Well and Truly Fucked

Many of us on the left (and those on the right who haven’t had their heads up their asses) have been talking about the economic downturn and the numerous facets that it has had.  The housing downturn that foreshadowed the mortgage crisis (that we’ve been talking about for over a year now), the markets falling to pieces, the collapse of Bear Stearns, and now Freddie, Fannie, Lehman and AIG.  Smaller banks have been failing, too, though not getting the attention that these ginormous businesses have.

And so here we are, on the edge of handing a $700 billion blank check to Hank Paulson to give to all his investment bank CEO chums.  Paulson, remember, was CEO of Goldman Sachs.  He’s hardly a disinterested individual.

When Chairman Chris Cox of the SEC and Sec.
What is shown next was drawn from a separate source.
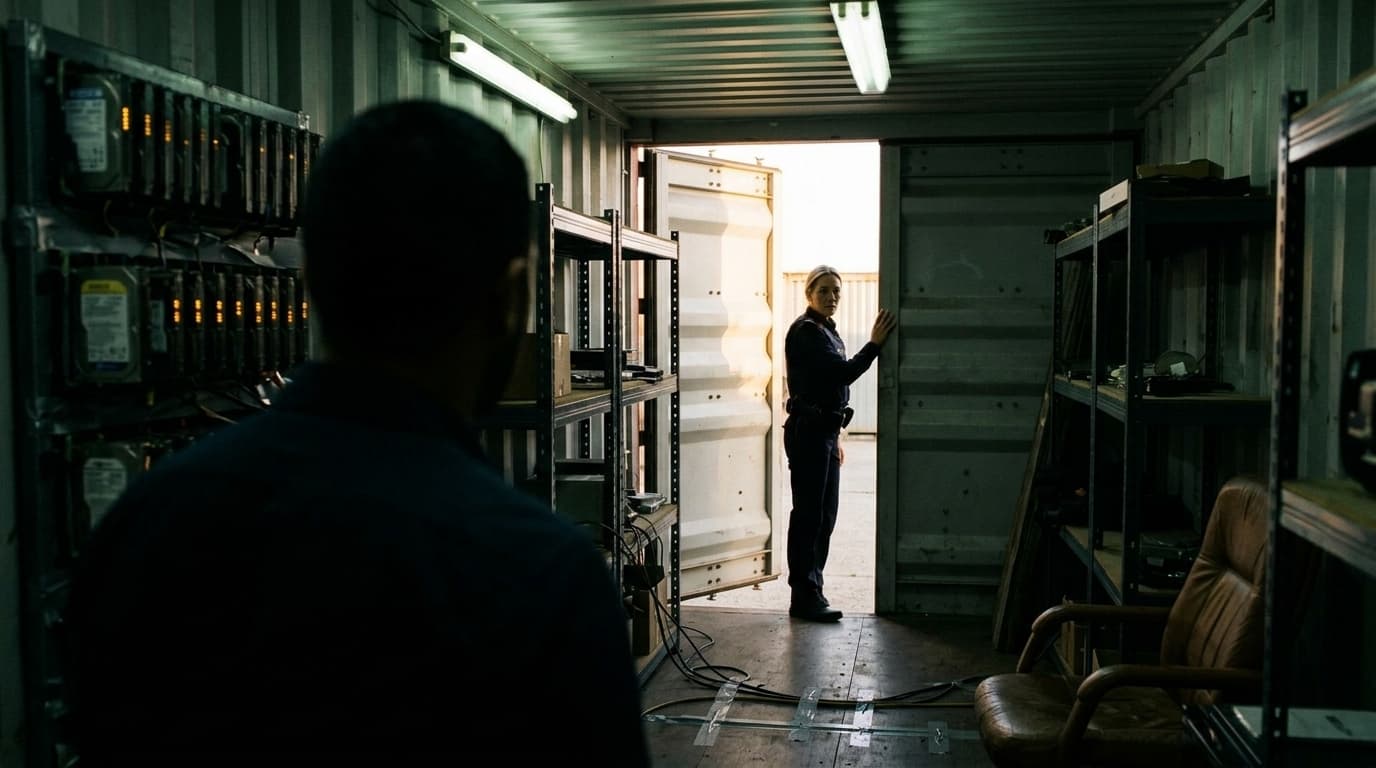 Scene III — Laia at the container door, silhouetted, Poblenou 2055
Paulson approached the Congressional leadership this week, hat in hand, it’s interesting that the Congress gave them the time of day.  After all, it’s under Paulson’s watch at Treasury that the investment markets, after gorging themselves silly on sub-prime mortgages, started to lose money hand over fist until there was no more money to lose.  Bear gone in a fire sale to JP Morgan, ML gone to Bank of America, Lehman without even that much of a chance, and billions of dollars in bail outs to Fannie, Freddie and AIG.  Hank Paulson needs to pay us back for this one.

But instead, what he requested was a $700 billion tab that he could run up to keep the markets afloat, with no oversight and no accountability.  Yeah, that sounds like a great idea.

Thankfully it looks like some members of Congress are as unhappy about the idea as I am.